In der Tat konnte sich der Schrauberblog auf Instagram jahrelang über rund 1.000 neue User pro Woche freuen. In den vergangenen beiden Jahren kam Tiktok als weiterer wichtiger Kanal hinzu. Geradezu klassisch gibt es auch noch eine Seite und Gruppen auf Facebook sowie einen Youtube-Kanal.

Und natürlich die eigene Website www.schrauberblog.com, über die die beiden Merchandise-Artikel wie Sticker, Caps und Hoodies an ihre Fans verkaufen.

Wichtigstes Motiv auf ihren Produkten ist und bleibt neben dem Schrauberblog-Logo das Meme, mit dem sie ihren Erfolg begründet haben. Der Spruch „Knall fest die Scheiße“ ist viral gegangen, brachte Zehntausende neue Abonnenten auf Social Media und steht wie kein zweiter für den Schrauberblog. Dementsprechend ist er auch vielfach auf Stickern, T-Shirts und nicht zuletzt dem Ehrenschrauber-Zeugnis zu lesen.
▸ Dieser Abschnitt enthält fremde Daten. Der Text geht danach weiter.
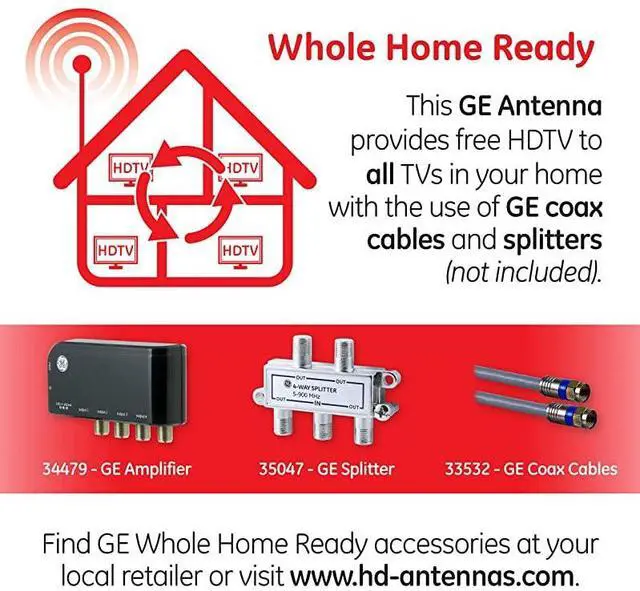 Alt view image 6 of 7 - FOR-Pro Attic Mount TV Antenna Outdoor Attic Long Ran Antenna Digital HDTV Antenna 4K 1080P VHF UHF Compact Design 29884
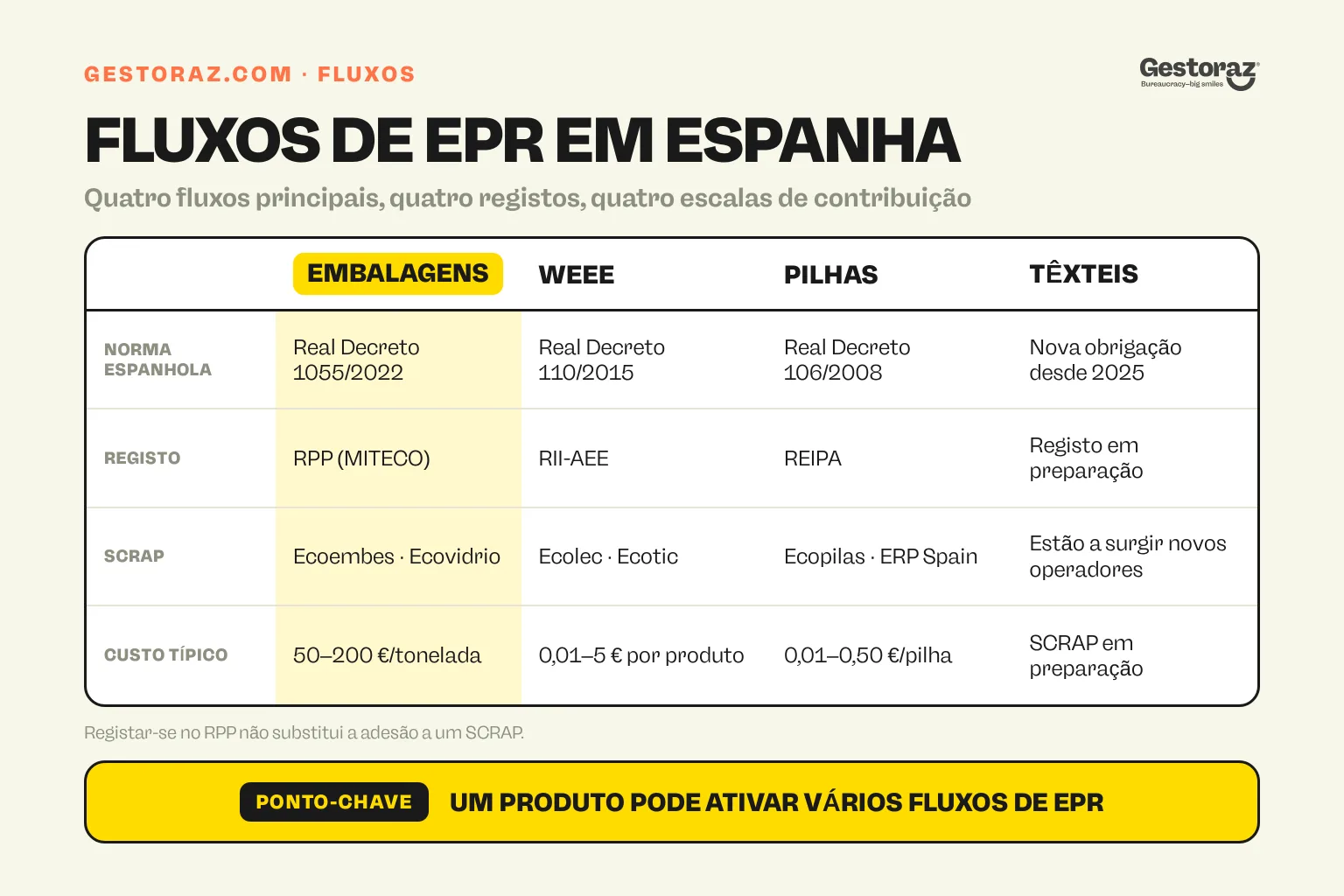 Infografia: os quatro principais fluxos de EPR em Espanha comparados por registo, SCRAP e contribuição típica.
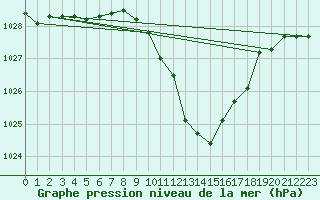 Courbe de la pression atmosphrique pour Chieming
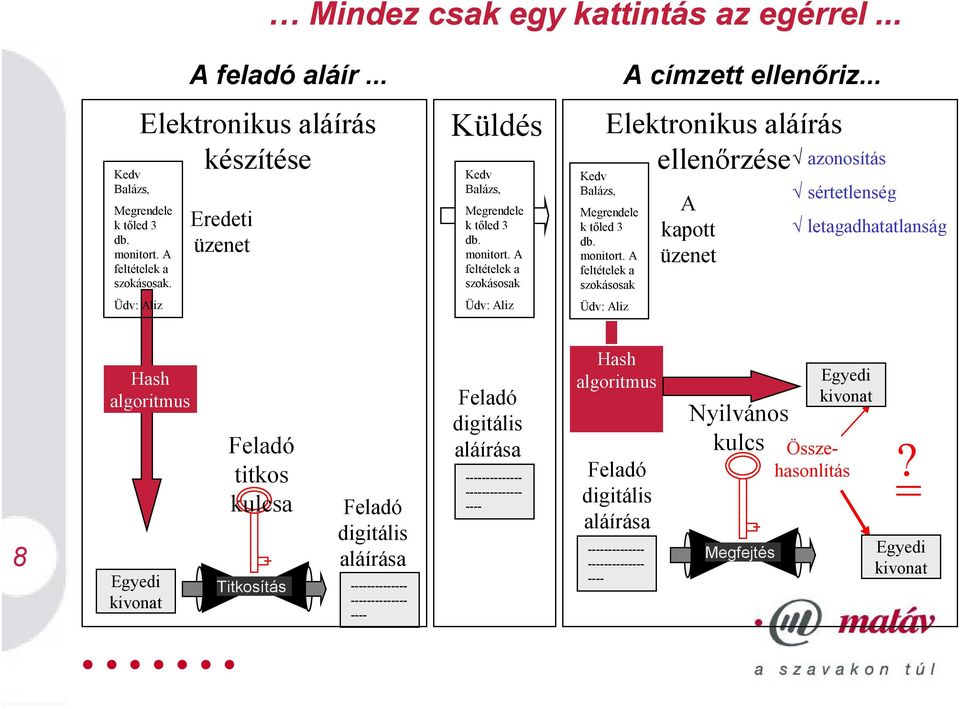 .. Elektronikus aláírás ellenőrzése A kapott üzenet azonosítás sértetlenség letagadhatatlanság 8 Hash algoritmus Egyedi kivonat Feladó titkos kulcsa Titkosítás Feladó digitális aláírása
Memes, die Erlebnisse und Proble­me aus dem Alltag thematisieren, sind auch heute noch der wichtigste Kitt, der die Schrauberblog-Community zusammenhält. Allerdings stößt diese so langsam an die Grenzen ihres Wachstums. Neu hinzu kommen in erster Linie noch Azubis, die gerade erst ihre Ausbildung begonnen haben. Wer schon länger in der Kfz-Welt unterwegs ist, kennt den Schrauberblog. Nicht zufällig belegte er in einer Analyse des Fachportals „Storyclash“ aus diesem Jahr den sechsten Platz in der Rangliste der wichtigsten „Automotive Influencer“ – und zwar weltweit!

Eine Internationalisierung über den deutschsprachigen Raum hi­naus oder die Beschäftigung mit anderen Zielgruppen jenseits der Kfz-Branche wären nun theoretisch noch Möglichkeiten, die Reichweite spürbar auszuweiten. Doch keine der beiden Optionen kommt für die Macher infrage. Sie sind mit der aktuellen Situation nach eigener Aussage glücklich und zufrieden. Zudem sei es ihre große Stärke, dass sie als gelernte Kfzler verschiedene Stufen und Positionen im Kfz-Gewerbe durchlaufen haben und als echte Mechatroniker glaubwürdig auftreten können.